Dataset: https://www.kaggle.com/datasets/brendanmiles/nyt-news-dataset-20082021

We perform text preprocessing of the news data. We are interested in the titles and abstracts of the news. 

In [1]:
import pandas as pd
import numpy as np
import string
from nltk.stem import WordNetLemmatizer
import contractions
from collections import Counter

In [2]:
wnl = WordNetLemmatizer()

In [3]:
df = pd.read_csv('NYT_Dataset.csv', index_col=0)

In [4]:
df = df[['title','abstract']].dropna()

In [5]:
punctuation = string.punctuation+'»«“”’'

In [6]:
def clean_doc(data):
    data = data.str.lower() # change to lower capital
    data =  data.str.replace('’s',' ')
    data = data.str.replace(r'[\d|\n]',' ') # remove digits
    data = data.apply(lambda x: contractions.fix(x)) # convert contractions into full form
    data = data.str.replace('[{}]'.format(punctuation), ' ') # remove punctuation
    data = data.fillna('') # fill 'nan' with ''
    data = data.apply(lambda x: x.split()) 
    data = data.apply(lambda x: [wnl.lemmatize(y) for y in x]) # Lemmatization
    data = data.apply(lambda x: ' '.join(x))
    return data

In [7]:
df['abstract'] = clean_doc(df['abstract'])

In [8]:
df['title'] = clean_doc(df['title'])

In [9]:
def word_count(data):
    length = []
    for i,txt in enumerate(data.tolist()):
        length.append(len(txt.split()))
    return length

We add "ssstarttt" at the start and "eeenddd" at the end of each title.

In [10]:
df['title'] = df['title'].apply(lambda x: 'ssstarttt ' + x + ' eeenddd')

In [11]:
length_abstract = word_count(df['abstract'])
length_title = word_count(df['title'])

In [12]:
np.percentile(length_abstract,99), np.percentile(length_title,99)

(47.0, 17.0)

Most of abstracts have about 50 words and most of titles have 20 words. 

In [13]:
def count_freq(data, min_freq=5):
    textlist = []
    for i in data.str.split():
        textlist += i

    count = Counter(textlist)
    count =  dict(count)

    count_rare = 0
    for key, value in count.items():
        if value < min_freq:
            count_rare += 1
    return count_rare, len(count.keys())

In [14]:
temp = pd.concat([df['abstract'], df['title']], axis=0)
num_rare, tot_num = count_freq(temp,3)

num_rare = number of rare words (below 3 occurrence in the dataset)
<br>
tot_num = total number of words

In [15]:
num_rare, tot_num, tot_num-num_rare

(25483, 50370, 24887)

There are 25000 words which are common words.

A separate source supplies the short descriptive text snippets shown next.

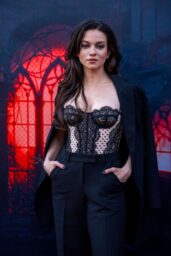 Lauren LaVera Unveils Gothic Power Look at Halloween Horror Nights – Universal City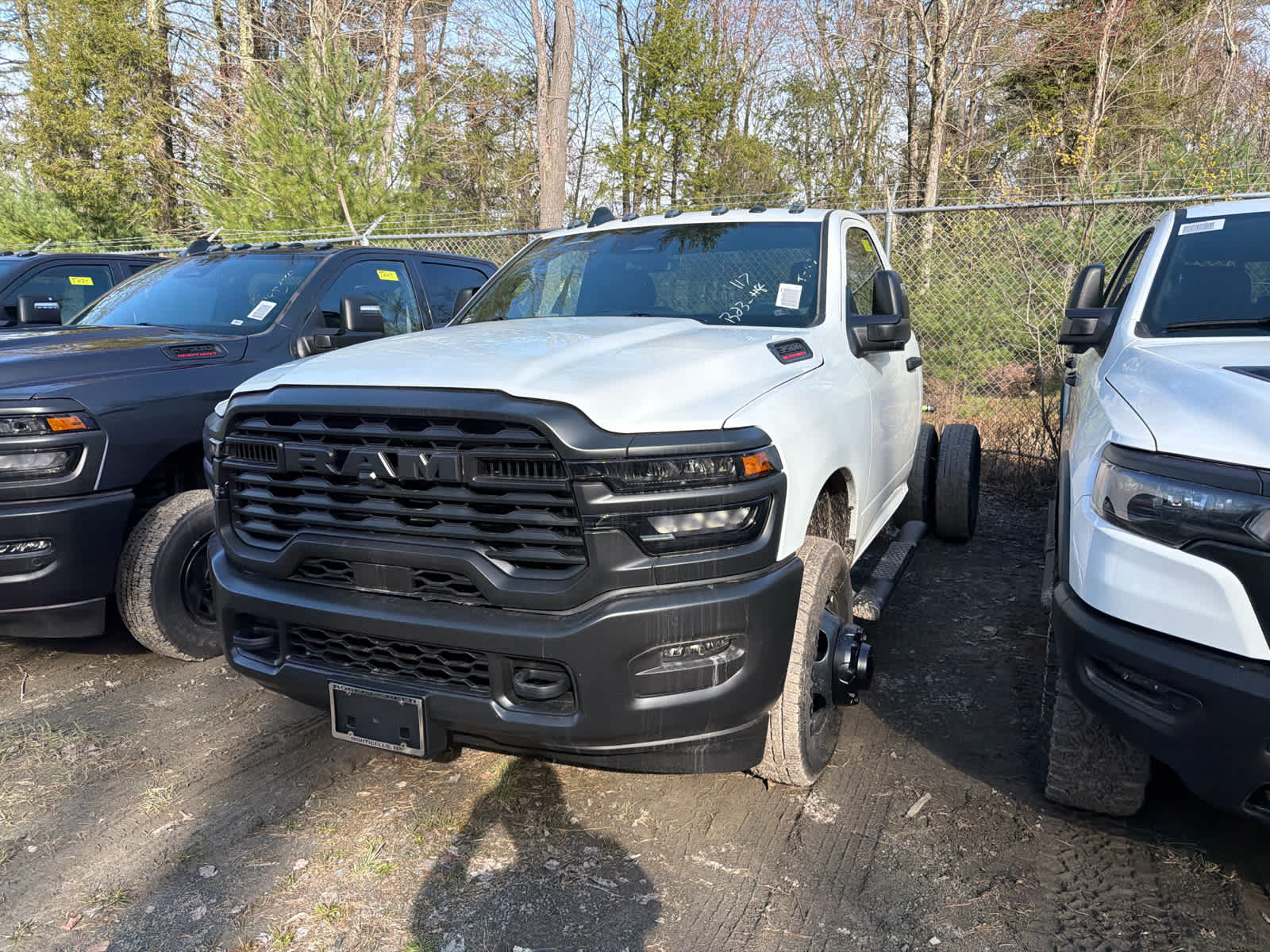 2026 RAM 3500 Chassis Cab Tradesman 4WD Reg Cab 60" CA 143.5" WB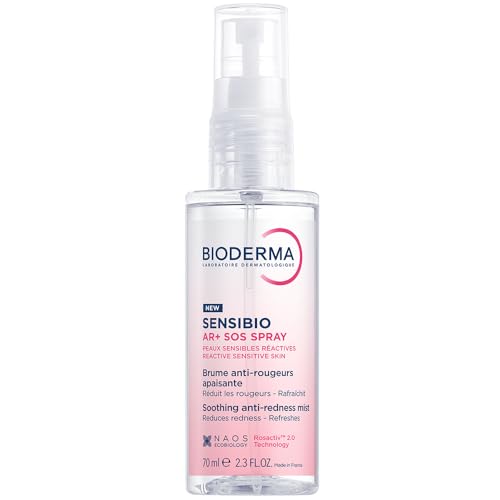 Bioderma Sensibio - AR+ SOS Spray Viso Rinfrescante e Lenitivo, 70ml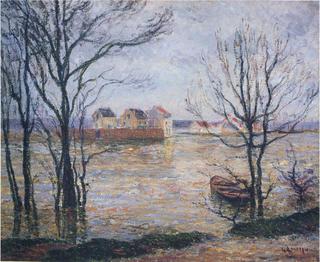The Oise in Winter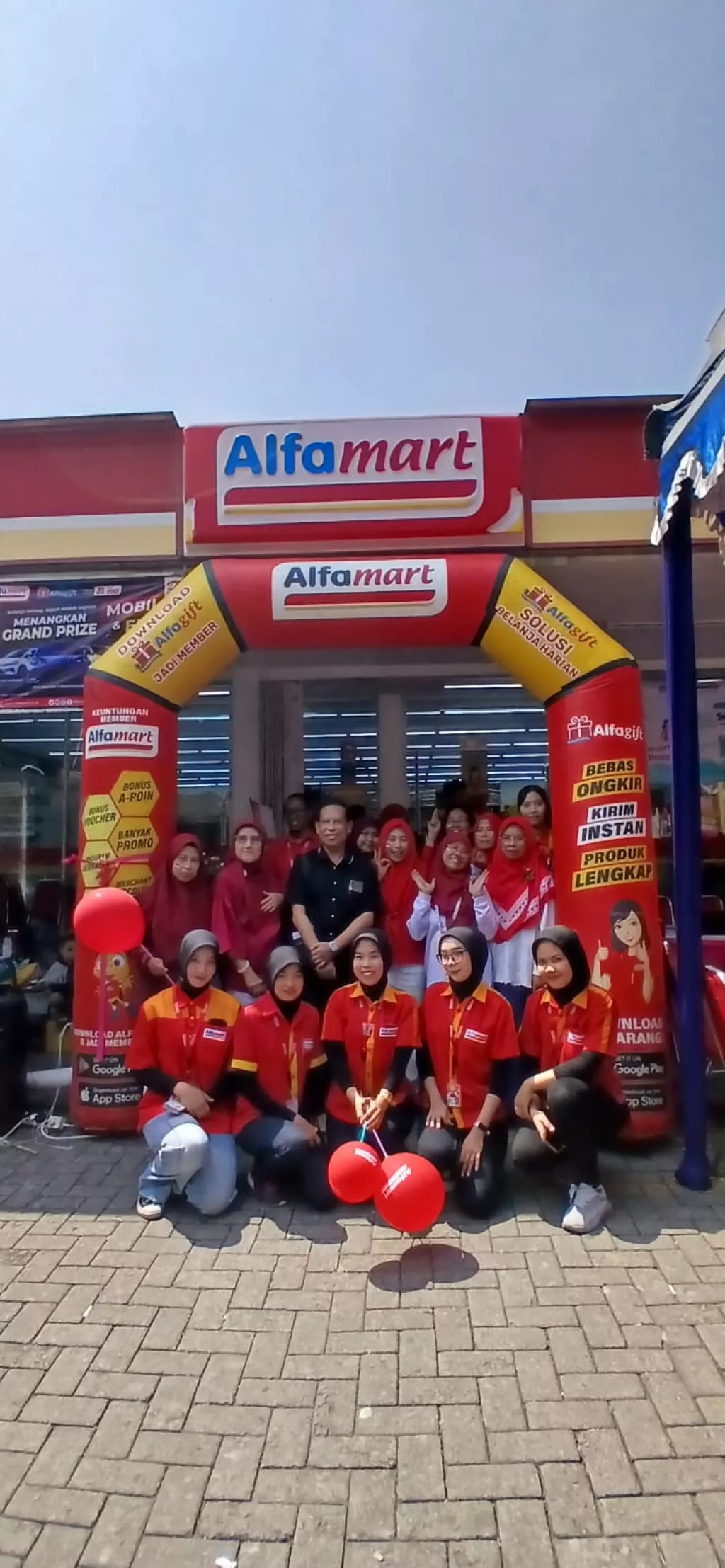 Komitmen Berlanjut, Alfamart dan Sweety Perluas Jangkauan Alfamart Sahabat Posyandu ke 84 Titik di Indonesia
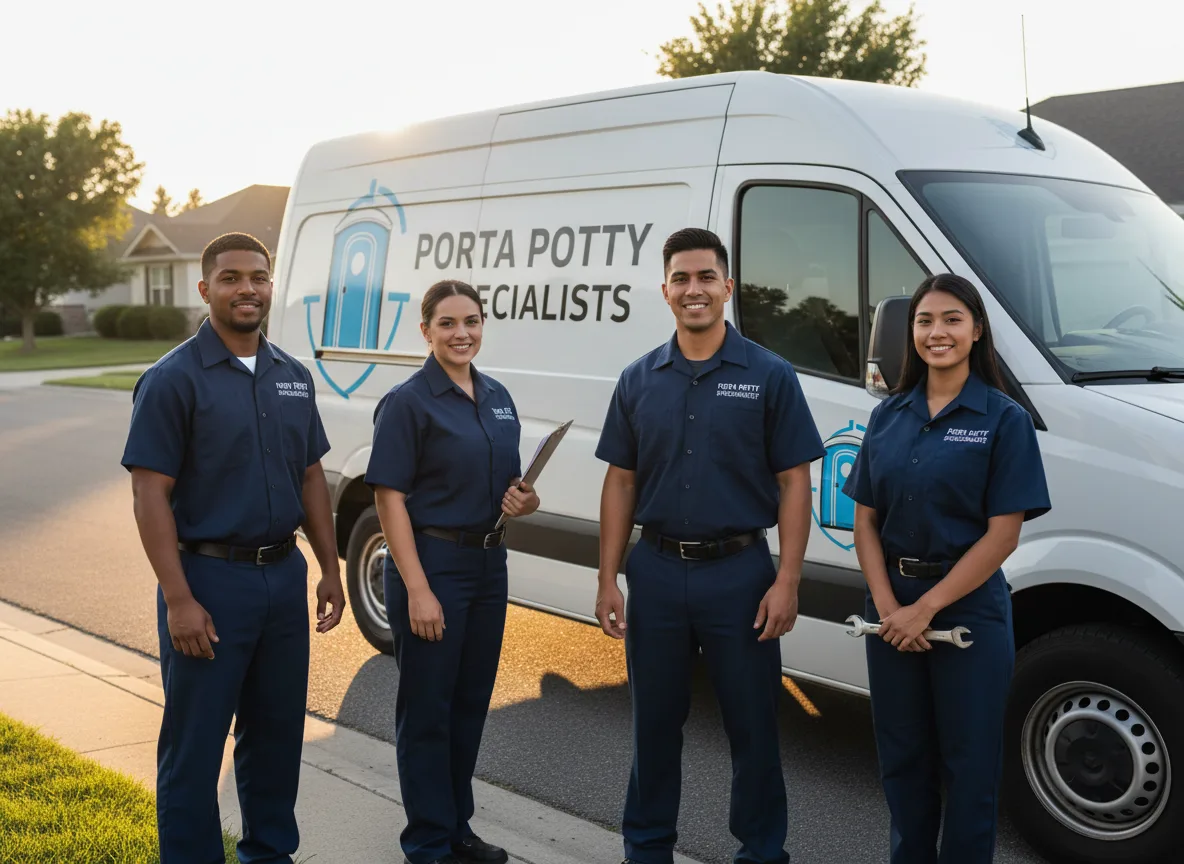 Portable Toilet Rental company in Coldwater, OH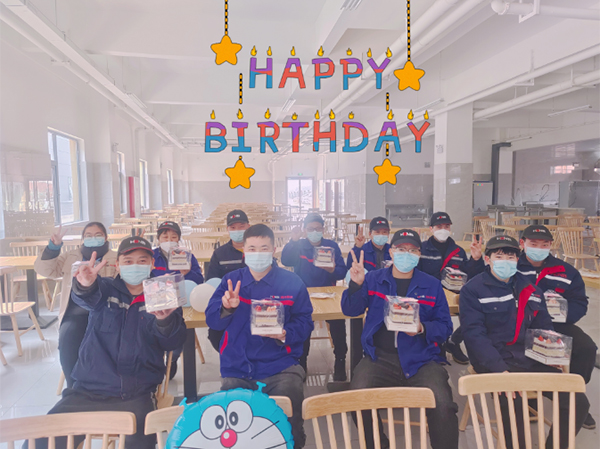 鴻元生日會 | 美好時光 共悅生辰！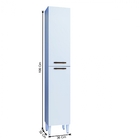 Paneleiro Gama 2 Portas Arte Móveis Branco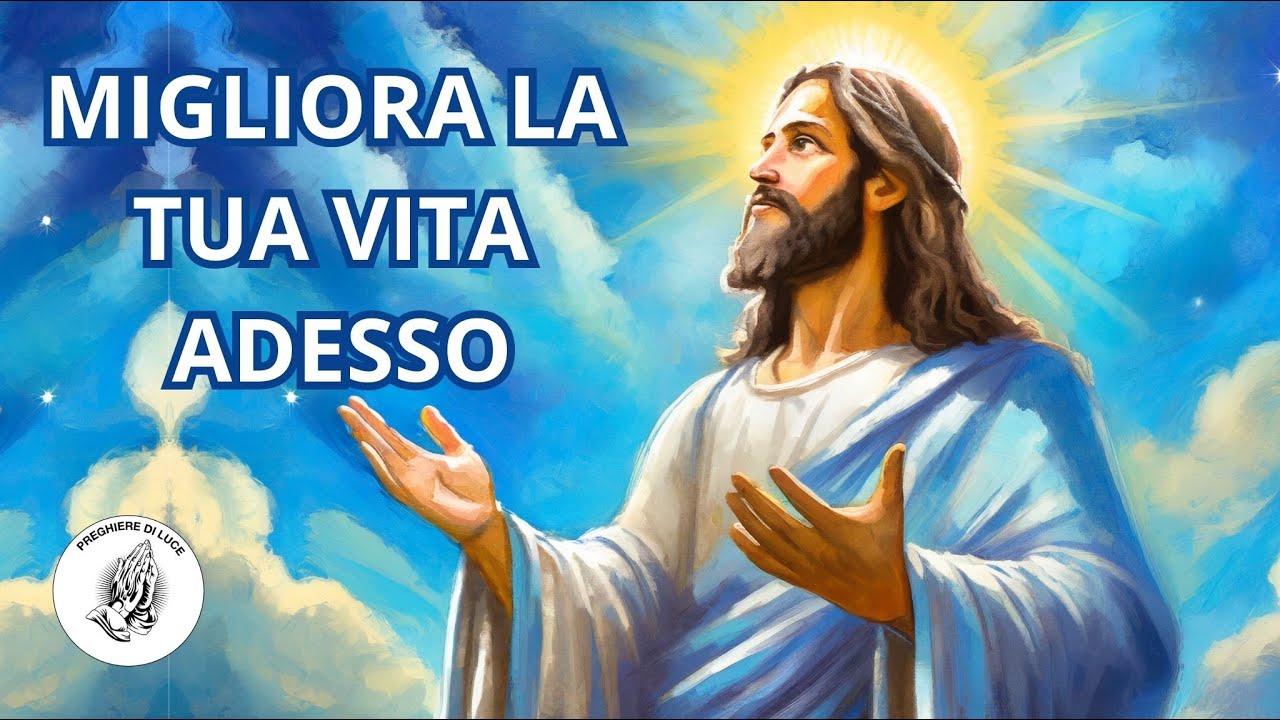 MIGLIORA LA TUA VITA ADESSO CON UN MIRACOLO - YouTube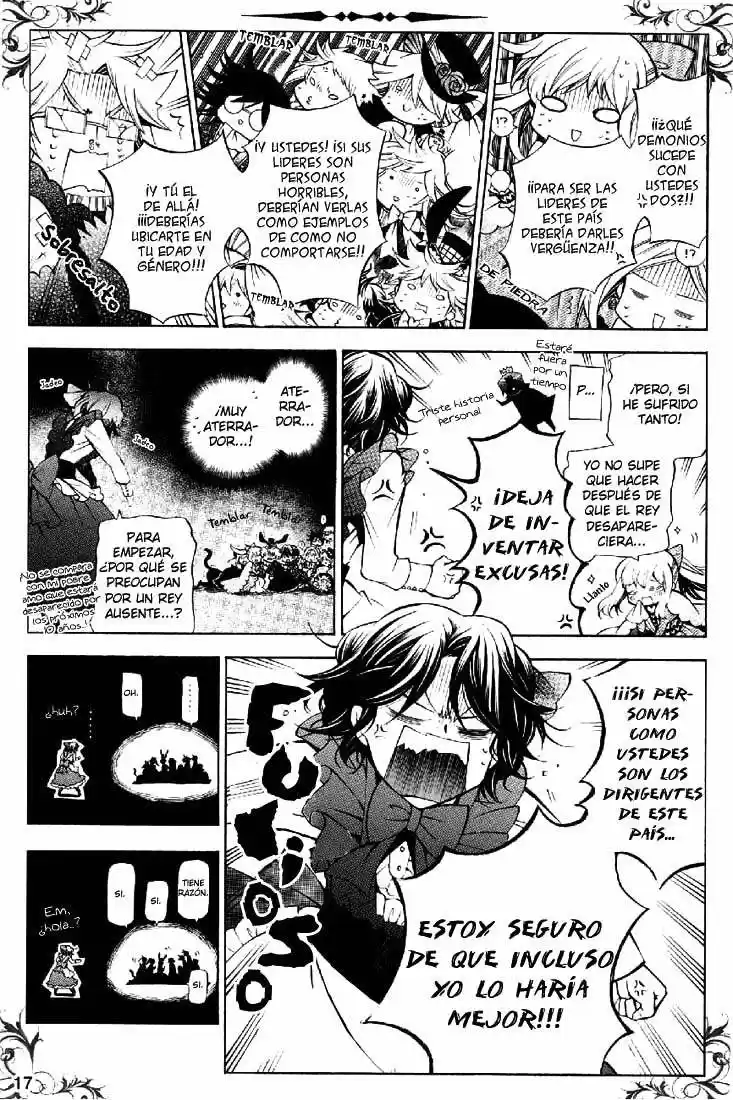 Pandora Hearts capítulo 44.05 página 21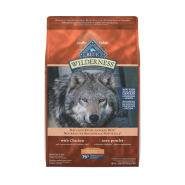 Blue Dog Wilderness MM+WG Large Breed Adult Chicken 24 lb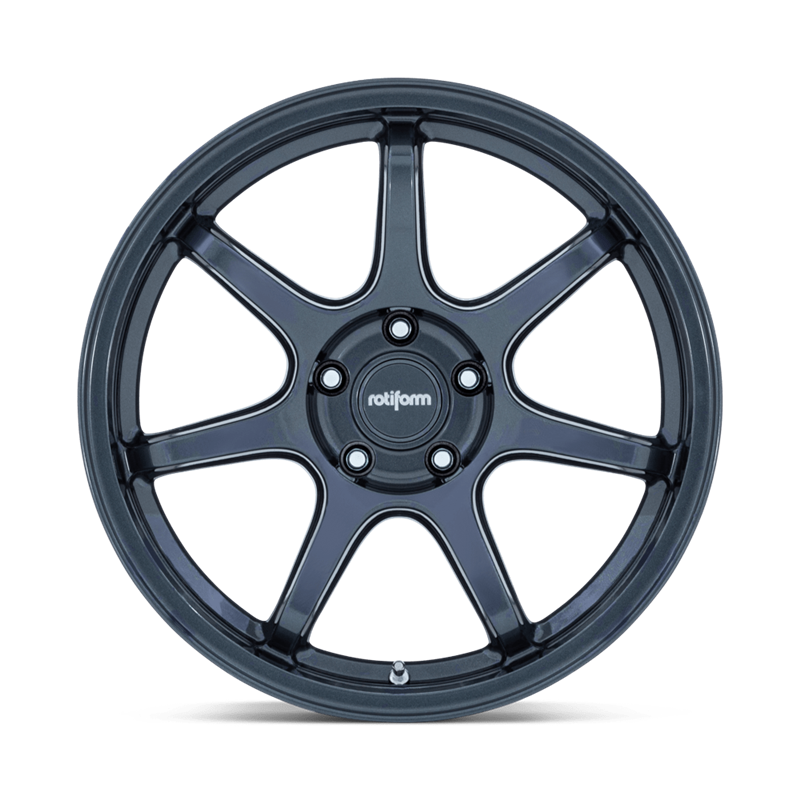 Rotiform | RC208 BPU 18x9.5 ET38 - GLOSS BLUE GRAY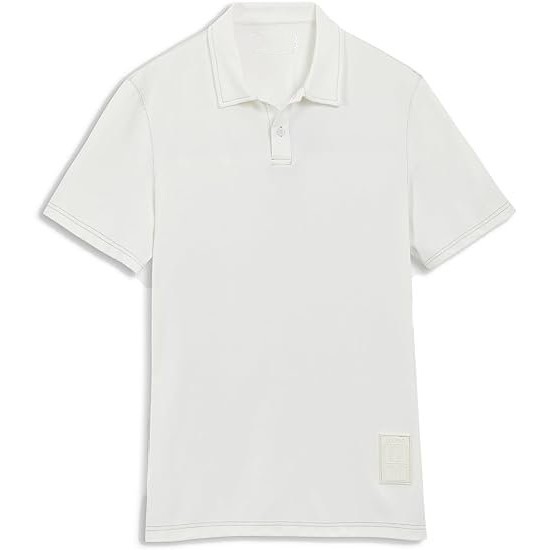 Mens Knit Polo Shirts Short Sleeve Collared Casual Golf Shirts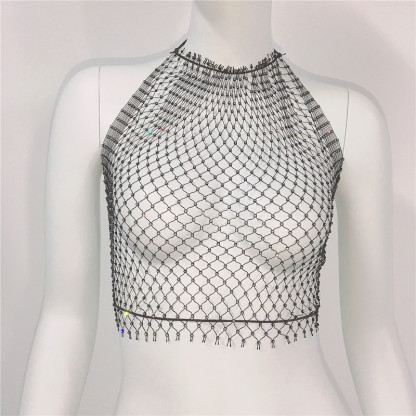 Trendy Sexy Fishnet Outfit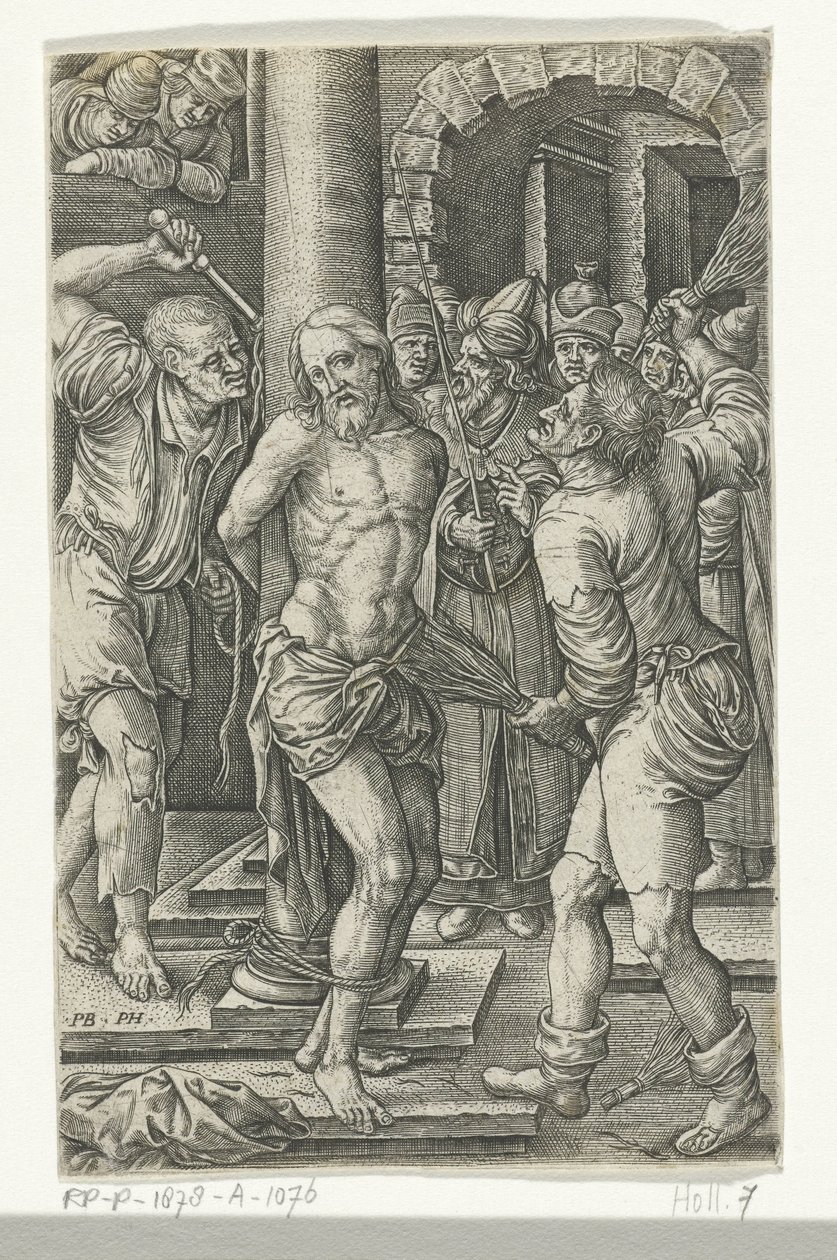 Scourging by Pieter Huys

Split data into train, validation, test

In [16]:
def split_data(data, split=0.1):
    size = data.shape[0]
    split = int(size*(1-split))
    return data.iloc[:split], data.iloc[split:].reset_index(drop=True)

In [24]:
train, val = split_data(df, 0.05)

In [25]:
train, test = split_data(train, 0.1)

In [26]:
train = train.dropna()
val = val.dropna()
test = test.dropna()